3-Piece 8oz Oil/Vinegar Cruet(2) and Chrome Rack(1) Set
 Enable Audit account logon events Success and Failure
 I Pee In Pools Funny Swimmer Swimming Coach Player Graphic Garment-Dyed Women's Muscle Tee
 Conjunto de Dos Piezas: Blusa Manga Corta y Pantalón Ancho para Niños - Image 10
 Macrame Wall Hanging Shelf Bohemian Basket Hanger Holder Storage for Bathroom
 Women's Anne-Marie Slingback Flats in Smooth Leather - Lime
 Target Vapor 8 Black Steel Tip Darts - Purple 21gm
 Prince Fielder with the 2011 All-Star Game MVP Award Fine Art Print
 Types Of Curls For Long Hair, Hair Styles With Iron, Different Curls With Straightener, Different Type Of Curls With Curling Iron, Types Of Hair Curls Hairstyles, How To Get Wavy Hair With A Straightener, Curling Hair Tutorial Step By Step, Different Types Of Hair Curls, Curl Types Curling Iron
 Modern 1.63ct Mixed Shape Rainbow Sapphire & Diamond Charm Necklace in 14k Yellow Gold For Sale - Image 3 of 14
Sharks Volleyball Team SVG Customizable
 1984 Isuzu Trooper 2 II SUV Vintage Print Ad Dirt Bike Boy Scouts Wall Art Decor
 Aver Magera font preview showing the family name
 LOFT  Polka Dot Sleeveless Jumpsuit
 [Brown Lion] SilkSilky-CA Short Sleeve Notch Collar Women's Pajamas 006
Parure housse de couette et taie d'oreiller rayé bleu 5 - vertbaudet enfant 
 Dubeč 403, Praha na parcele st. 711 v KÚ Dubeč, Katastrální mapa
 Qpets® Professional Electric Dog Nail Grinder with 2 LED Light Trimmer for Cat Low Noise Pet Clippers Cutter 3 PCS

###

EXERCISE DETAILS: Could you restate, word for word, the lines above from the one with "Women's Anne-Marie Slingback" to the one with "Prince Fielder with", both included?

RESULT FOR THIS TASK:
 Women's Anne-Marie Slingback Flats in Smooth Leather - Lime
 Target Vapor 8 Black Steel Tip Darts - Purple 21gm
 Prince Fielder with the 2011 All-Star Game MVP Award Fine Art Print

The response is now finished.